L’élection de Trump et sa politique énergétique ne semblent pas effrayer l’électricien français EDF, dont la filiale renouvelable EDF Énergie Nouvelle (EDF EN) compte même renforcer son engagement Outre-Atlantique. « Aux États-Unis, personne ne nous a dit “J’arrête tout à cause de M.Trump”. La quasi-totalité de nos partenaires n’ont pas changé leurs plans », explique Antoine Cahuzac, directeur exécutif d’EDF et patron d’EDF EN.
Le groupe tricolore a en effet annoncé son objectif d’implanter 3.000 MW de nouvelles capacités éoliennes aux États-Unis à l’horizon 2020. Un chiffre qui vient s’ajouter aux 707 MW qu’EDF EN a mis en service ces deux derniers mois au Texas (deux parcs éoliens à Tyler Bluff et Salt Fork), dans l’Illinois (à Kelly Creek) et dans l’Oklahoma (à Great Western). Et M. Cahuzac de rappeler que ces installations s’inscrivent dans une politique d’engagement fort de la part de grandes entreprises soucieuses de réduire leur empreinte carbone (les turbines de Great Western fourniront l’énergie électrique nécessaire au bon fonctionnement d’un data-center de Google).

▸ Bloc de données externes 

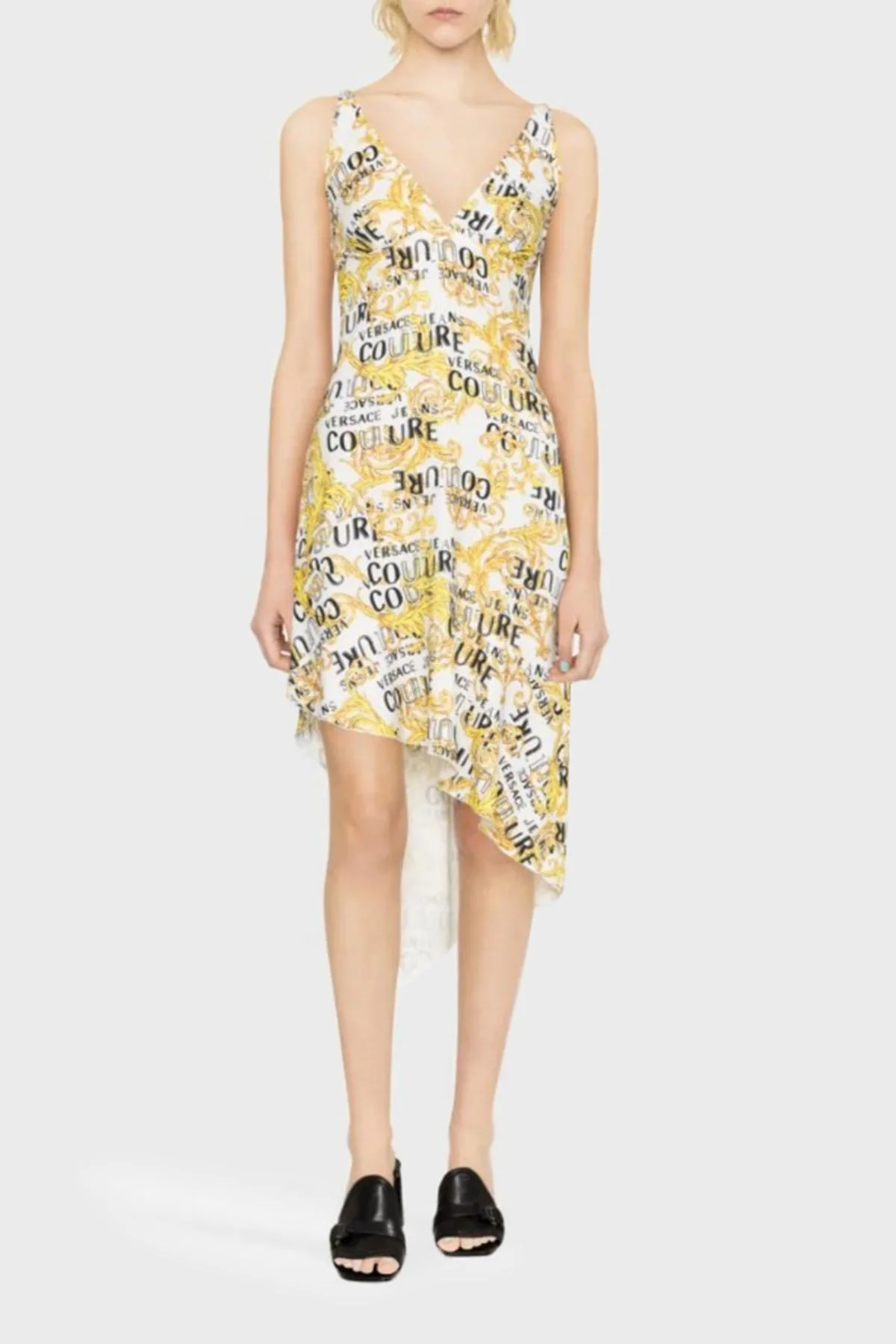 Versace Jeans Couture Barok Desenli V Yaka Asimetrik Bayan Elbise 74HAO912 NS228 G03 BEYAZ - 1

Si les États-Unis sont de gros consommateurs d’énergie électrique, il s’agit également d’un important producteur : un cinquième de l’électricité mondiale est en effet produite Outre-Atlantique. Le renouvelable tient une place importante dans ces volumes d’électricité grâce, notamment, à des filières déjà bien implantées (éolien, biomasse, géothermie…). Malgré les inquiétudes suscitées par l’élection de Donal Trump à la présidence, la tendance à la « verdification » du mix énergétique américain ne devrait donc pas s’inverser.